**Problem to solve**
Make an exact copy of the records, and keep the pictures out of it.

Start of Block

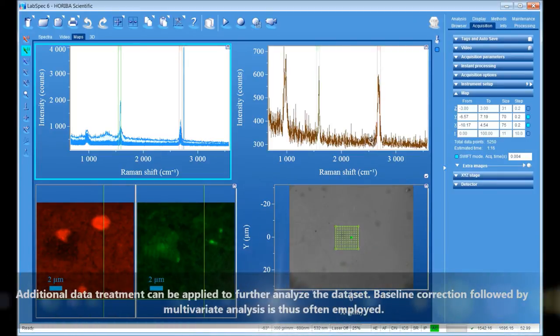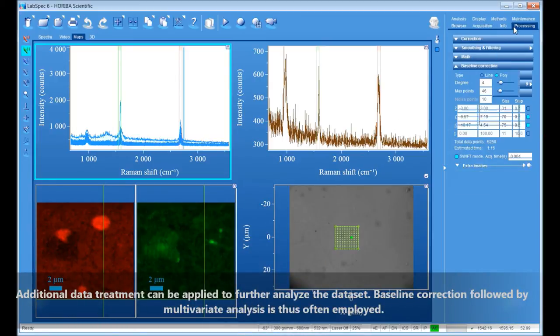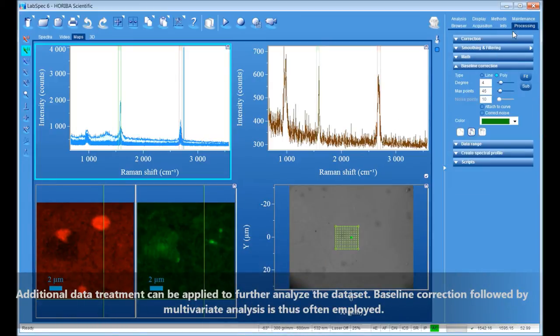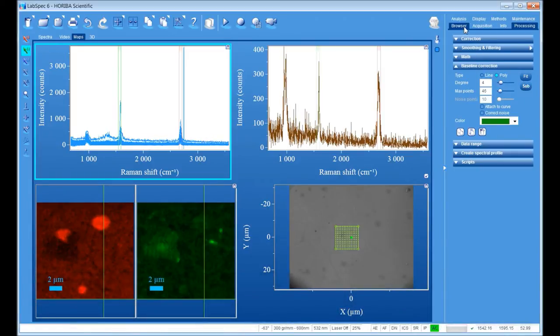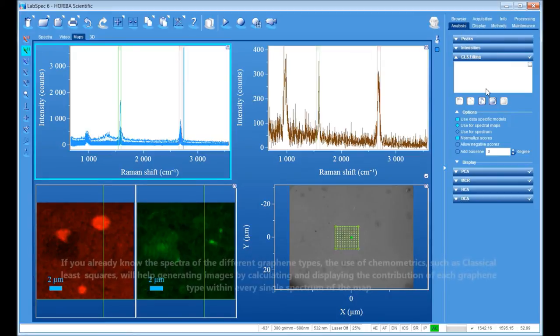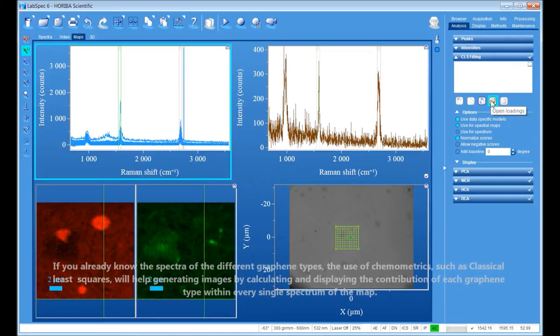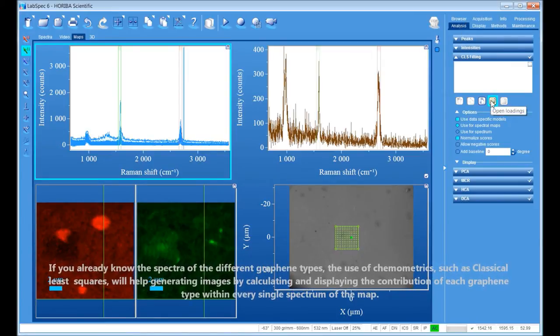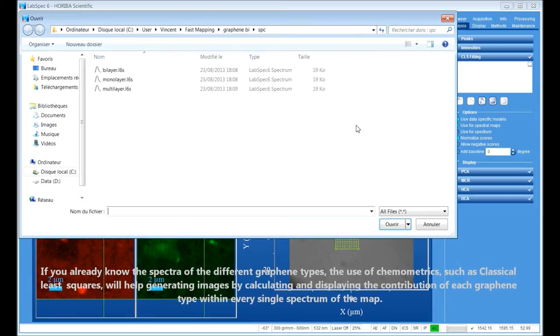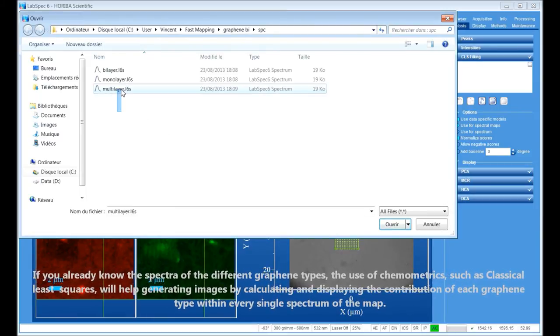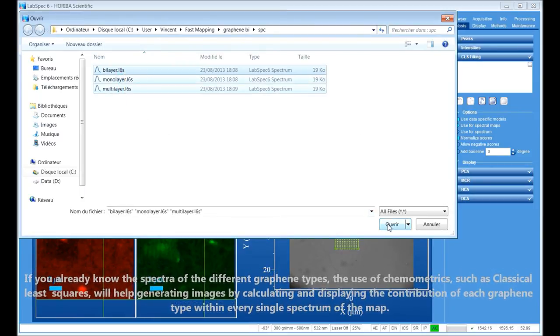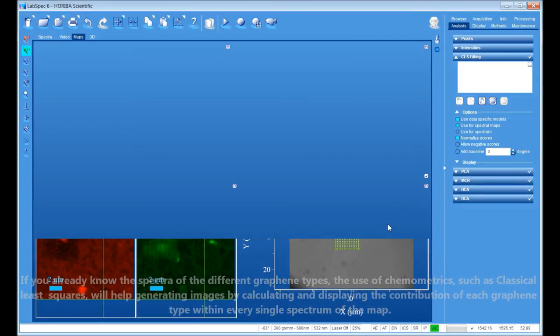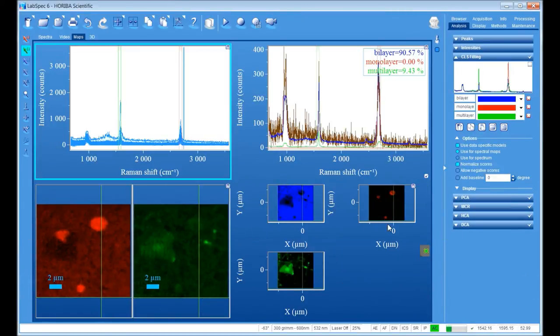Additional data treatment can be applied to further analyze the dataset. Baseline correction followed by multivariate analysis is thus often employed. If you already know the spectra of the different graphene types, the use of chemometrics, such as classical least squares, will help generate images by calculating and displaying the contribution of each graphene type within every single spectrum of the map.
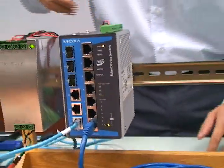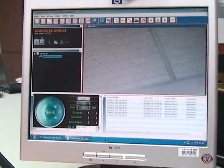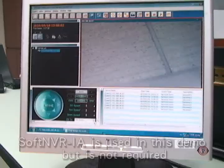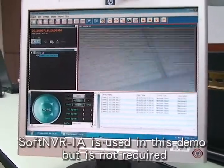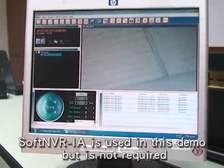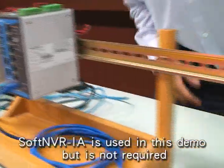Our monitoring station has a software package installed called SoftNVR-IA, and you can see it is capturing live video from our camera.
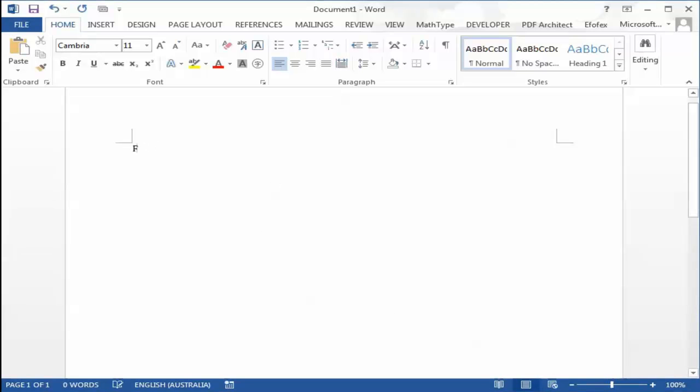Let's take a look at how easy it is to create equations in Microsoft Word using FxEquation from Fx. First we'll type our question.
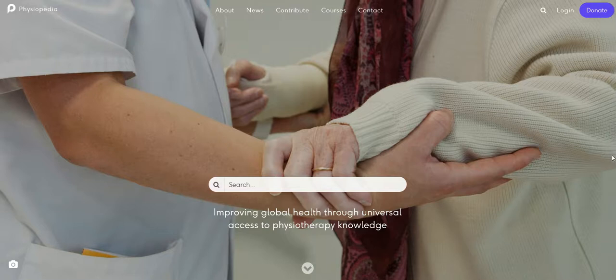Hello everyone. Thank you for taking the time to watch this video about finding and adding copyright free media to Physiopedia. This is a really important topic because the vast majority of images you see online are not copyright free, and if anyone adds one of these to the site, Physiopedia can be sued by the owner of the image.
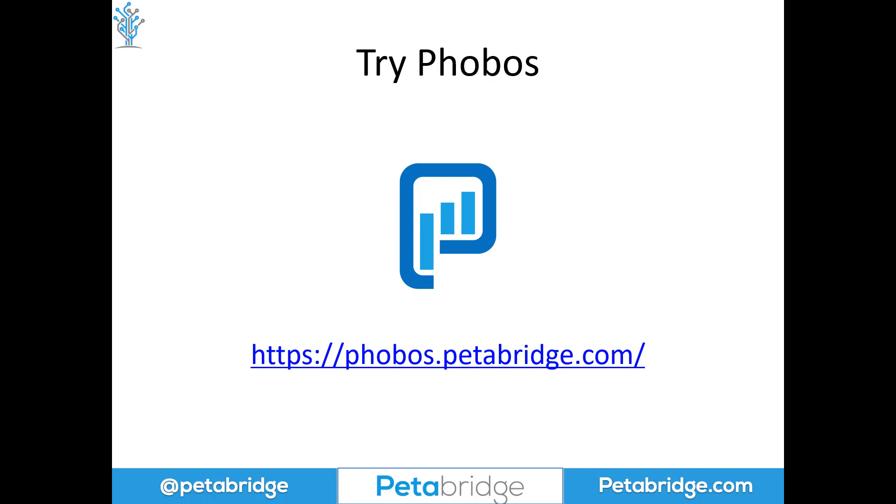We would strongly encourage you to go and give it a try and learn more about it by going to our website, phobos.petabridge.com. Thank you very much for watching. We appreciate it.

End of Block

**Answer box**
Additional data treatment can be applied to further analyze the dataset. Baseline correction followed by multivariate analysis is thus often employed. If you already know the spectra of the different graphene types, the use of chemometrics, such as classical least squares, will help generate images by calculating and displaying the contribution of each graphene type within every single spectrum of the map.
Our monitoring station has a software package installed called SoftNVR-IA, and you can see it is capturing live video from our camera.
Let's take a look at how easy it is to create equations in Microsoft Word using FxEquation from Fx. First we'll type our question.
Hello everyone. Thank you for taking the time to watch this video about finding and adding copyright free media to Physiopedia. This is a really important topic because the vast majority of images you see online are not copyright free, and if anyone adds one of these to the site, Physiopedia can be sued by the owner of the image.
We would strongly encourage you to go and give it a try and learn more about it by going to our website, phobos.petabridge.com. Thank you very much for watching. We appreciate it.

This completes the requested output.